## [WORK ORDER]
Reproduce each line of the following material exactly, omitting the images.

## [DATA]
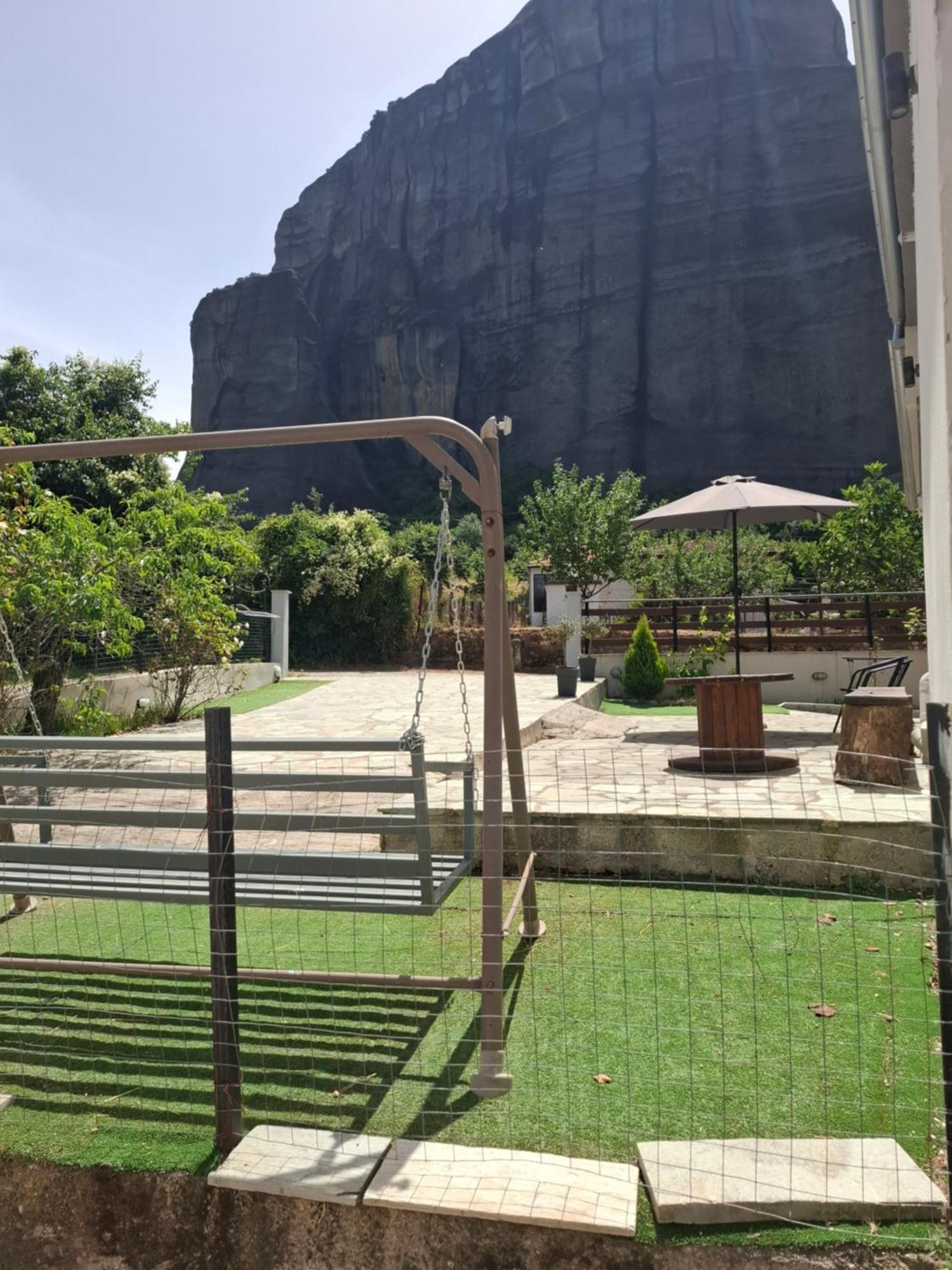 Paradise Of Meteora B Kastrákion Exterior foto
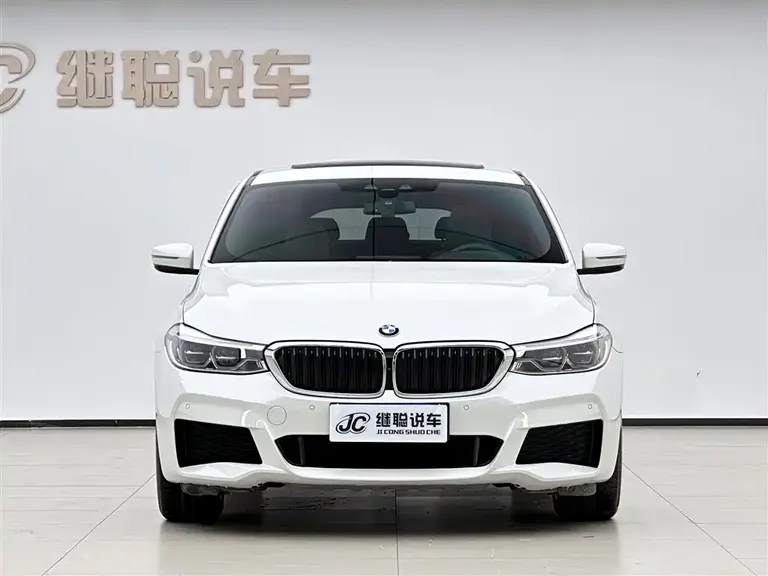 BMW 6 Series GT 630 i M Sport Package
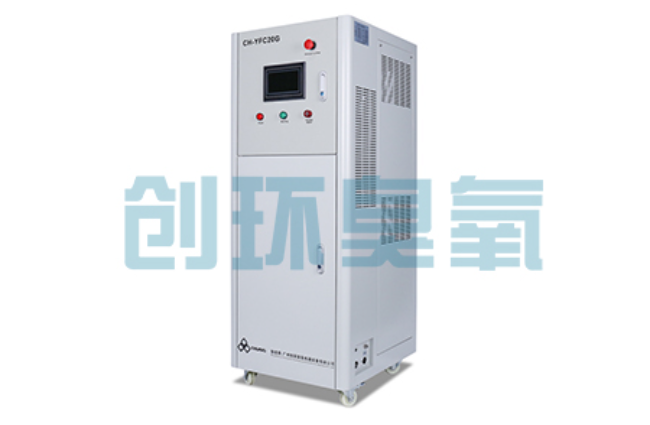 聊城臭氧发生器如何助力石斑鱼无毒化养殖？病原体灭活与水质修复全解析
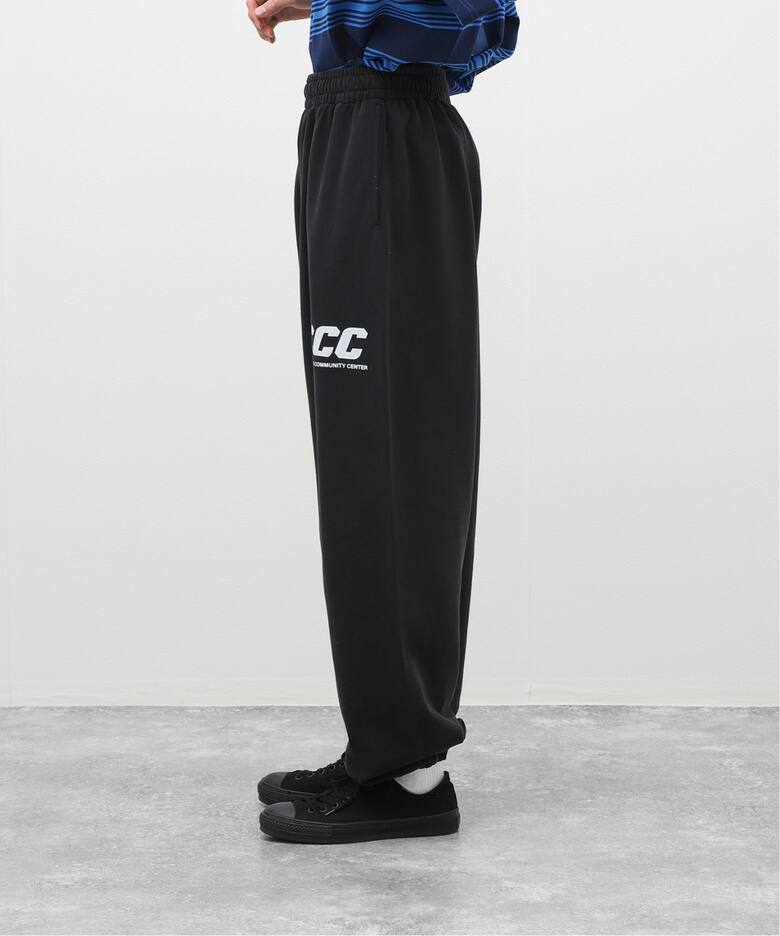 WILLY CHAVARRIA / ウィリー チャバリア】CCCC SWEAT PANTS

## [EXPECTED ANSWER]
 Paradise Of Meteora B Kastrákion Exterior foto
 BMW 6 Series GT 630 i M Sport Package
 聊城臭氧发生器如何助力石斑鱼无毒化养殖？病原体灭活与水质修复全解析
 WILLY CHAVARRIA / ウィリー チャバリア】CCCC SWEAT PANTS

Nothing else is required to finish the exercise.